From the records below, transcribe only the lines running from the one with "Fuchsia mini comb" through the one with "Dining table setting". Keep both of those end lines.

**GIVEN INFORMATION**

::::

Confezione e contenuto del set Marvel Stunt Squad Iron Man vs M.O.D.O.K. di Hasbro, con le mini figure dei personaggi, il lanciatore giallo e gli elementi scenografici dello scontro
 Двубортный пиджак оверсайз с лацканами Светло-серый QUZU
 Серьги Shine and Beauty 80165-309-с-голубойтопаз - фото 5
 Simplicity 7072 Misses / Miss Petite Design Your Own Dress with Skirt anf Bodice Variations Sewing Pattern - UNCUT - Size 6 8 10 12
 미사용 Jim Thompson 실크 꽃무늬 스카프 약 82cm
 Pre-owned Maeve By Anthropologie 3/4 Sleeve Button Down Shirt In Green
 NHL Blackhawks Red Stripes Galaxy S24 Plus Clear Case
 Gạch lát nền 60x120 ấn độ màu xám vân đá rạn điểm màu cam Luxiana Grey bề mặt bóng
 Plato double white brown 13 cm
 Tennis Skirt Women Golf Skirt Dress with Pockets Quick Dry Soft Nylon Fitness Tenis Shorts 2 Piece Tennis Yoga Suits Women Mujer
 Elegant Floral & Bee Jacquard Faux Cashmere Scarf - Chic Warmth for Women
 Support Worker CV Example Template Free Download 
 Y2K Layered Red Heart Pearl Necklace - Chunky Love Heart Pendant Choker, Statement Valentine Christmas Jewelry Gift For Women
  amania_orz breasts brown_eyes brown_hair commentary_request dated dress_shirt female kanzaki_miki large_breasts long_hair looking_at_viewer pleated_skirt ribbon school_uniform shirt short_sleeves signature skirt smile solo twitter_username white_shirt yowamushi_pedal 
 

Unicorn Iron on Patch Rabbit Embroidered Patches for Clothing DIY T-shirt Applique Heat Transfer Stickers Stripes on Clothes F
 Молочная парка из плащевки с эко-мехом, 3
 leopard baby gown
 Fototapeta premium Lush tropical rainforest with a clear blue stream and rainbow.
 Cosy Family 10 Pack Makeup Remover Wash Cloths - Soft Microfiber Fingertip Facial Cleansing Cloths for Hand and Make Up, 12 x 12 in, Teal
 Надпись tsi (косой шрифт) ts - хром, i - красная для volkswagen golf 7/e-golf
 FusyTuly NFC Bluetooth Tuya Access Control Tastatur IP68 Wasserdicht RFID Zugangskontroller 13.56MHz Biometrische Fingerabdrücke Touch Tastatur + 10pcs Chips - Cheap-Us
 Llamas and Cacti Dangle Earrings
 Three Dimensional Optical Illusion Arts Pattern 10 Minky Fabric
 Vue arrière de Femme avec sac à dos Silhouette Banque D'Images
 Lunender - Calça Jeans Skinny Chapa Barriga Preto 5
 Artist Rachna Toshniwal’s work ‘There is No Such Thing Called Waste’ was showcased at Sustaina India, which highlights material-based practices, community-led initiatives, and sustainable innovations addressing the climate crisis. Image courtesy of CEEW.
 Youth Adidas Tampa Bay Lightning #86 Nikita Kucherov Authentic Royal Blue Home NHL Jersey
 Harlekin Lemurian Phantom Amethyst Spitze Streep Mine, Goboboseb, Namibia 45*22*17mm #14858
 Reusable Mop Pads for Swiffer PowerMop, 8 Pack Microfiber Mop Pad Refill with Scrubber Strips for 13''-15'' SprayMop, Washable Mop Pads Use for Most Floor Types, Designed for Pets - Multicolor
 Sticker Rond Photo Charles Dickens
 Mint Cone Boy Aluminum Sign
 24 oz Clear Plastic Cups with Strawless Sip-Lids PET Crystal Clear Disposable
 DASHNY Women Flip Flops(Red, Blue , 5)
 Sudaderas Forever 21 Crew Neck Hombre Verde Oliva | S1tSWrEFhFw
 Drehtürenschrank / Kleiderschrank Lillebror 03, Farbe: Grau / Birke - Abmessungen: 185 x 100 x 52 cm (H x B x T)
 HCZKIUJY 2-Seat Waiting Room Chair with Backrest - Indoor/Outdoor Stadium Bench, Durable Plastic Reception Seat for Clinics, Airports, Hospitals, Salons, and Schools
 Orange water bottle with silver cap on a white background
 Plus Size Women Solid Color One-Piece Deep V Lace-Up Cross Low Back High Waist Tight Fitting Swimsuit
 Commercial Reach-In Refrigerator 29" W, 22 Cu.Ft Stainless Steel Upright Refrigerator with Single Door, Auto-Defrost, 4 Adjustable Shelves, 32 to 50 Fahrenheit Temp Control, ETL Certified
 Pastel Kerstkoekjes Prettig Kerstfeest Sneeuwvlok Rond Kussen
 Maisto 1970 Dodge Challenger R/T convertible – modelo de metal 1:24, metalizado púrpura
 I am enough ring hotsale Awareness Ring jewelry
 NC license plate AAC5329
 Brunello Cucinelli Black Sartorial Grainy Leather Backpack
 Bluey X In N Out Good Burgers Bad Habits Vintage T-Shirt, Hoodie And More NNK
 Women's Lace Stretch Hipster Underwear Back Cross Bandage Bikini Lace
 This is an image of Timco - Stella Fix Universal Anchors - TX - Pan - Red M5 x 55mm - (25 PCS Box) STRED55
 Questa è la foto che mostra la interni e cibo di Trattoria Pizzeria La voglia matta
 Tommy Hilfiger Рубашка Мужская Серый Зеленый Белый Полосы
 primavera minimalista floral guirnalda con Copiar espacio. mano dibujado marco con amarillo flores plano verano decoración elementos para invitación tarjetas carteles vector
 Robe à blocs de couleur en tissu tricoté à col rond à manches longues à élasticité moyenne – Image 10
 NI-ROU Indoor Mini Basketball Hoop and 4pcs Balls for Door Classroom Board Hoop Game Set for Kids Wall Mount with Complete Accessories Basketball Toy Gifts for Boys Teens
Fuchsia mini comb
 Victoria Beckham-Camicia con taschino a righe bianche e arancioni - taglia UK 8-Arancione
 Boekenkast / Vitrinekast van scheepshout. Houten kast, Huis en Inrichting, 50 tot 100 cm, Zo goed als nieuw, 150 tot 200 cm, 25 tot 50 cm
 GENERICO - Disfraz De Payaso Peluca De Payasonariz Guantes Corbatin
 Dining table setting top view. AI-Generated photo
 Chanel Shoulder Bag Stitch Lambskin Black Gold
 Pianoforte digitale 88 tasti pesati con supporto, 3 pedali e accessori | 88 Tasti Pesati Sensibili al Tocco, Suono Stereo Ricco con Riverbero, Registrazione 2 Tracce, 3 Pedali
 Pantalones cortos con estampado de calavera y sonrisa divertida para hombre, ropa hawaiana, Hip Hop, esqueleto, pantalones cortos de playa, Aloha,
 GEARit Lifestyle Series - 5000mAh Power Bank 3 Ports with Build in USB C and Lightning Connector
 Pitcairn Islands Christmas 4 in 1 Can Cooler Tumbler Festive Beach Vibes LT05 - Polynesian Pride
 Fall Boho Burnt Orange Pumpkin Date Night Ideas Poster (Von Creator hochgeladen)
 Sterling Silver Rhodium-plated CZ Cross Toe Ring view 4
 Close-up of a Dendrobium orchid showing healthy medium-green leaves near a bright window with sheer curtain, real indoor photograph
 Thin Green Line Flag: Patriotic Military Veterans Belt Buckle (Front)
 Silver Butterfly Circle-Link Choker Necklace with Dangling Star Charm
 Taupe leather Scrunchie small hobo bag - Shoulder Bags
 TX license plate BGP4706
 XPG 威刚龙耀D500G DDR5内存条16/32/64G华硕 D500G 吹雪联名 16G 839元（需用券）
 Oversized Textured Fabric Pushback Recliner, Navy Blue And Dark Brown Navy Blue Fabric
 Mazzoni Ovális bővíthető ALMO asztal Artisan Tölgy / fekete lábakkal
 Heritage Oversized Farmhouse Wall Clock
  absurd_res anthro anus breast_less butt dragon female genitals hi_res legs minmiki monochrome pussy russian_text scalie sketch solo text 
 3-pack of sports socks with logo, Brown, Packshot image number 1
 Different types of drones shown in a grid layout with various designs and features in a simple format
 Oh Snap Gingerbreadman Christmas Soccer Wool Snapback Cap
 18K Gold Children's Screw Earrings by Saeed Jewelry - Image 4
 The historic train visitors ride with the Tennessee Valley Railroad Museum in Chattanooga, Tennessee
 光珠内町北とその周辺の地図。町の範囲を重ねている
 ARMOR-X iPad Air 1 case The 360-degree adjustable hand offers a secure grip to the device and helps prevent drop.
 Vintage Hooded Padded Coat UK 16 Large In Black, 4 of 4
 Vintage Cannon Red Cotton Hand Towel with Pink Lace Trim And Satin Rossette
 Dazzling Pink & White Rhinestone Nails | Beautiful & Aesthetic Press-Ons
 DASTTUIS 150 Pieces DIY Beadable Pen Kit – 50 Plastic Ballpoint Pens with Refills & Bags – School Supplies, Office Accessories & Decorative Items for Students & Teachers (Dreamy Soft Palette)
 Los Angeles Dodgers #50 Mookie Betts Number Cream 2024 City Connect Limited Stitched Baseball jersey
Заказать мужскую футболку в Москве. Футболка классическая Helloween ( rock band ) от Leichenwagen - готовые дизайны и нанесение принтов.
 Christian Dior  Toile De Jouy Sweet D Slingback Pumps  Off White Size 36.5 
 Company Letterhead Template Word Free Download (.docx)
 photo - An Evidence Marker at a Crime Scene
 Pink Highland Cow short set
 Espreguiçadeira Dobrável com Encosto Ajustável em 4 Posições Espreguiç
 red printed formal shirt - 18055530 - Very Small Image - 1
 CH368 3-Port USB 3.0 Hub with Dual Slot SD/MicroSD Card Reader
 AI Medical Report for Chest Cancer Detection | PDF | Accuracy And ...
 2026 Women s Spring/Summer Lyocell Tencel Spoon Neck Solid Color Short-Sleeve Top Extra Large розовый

::::

**SOLUTION TO THE PROBLEM**
Fuchsia mini comb
 Victoria Beckham-Camicia con taschino a righe bianche e arancioni - taglia UK 8-Arancione
 Boekenkast / Vitrinekast van scheepshout. Houten kast, Huis en Inrichting, 50 tot 100 cm, Zo goed als nieuw, 150 tot 200 cm, 25 tot 50 cm
 GENERICO - Disfraz De Payaso Peluca De Payasonariz Guantes Corbatin
 Dining table setting top view. AI-Generated photo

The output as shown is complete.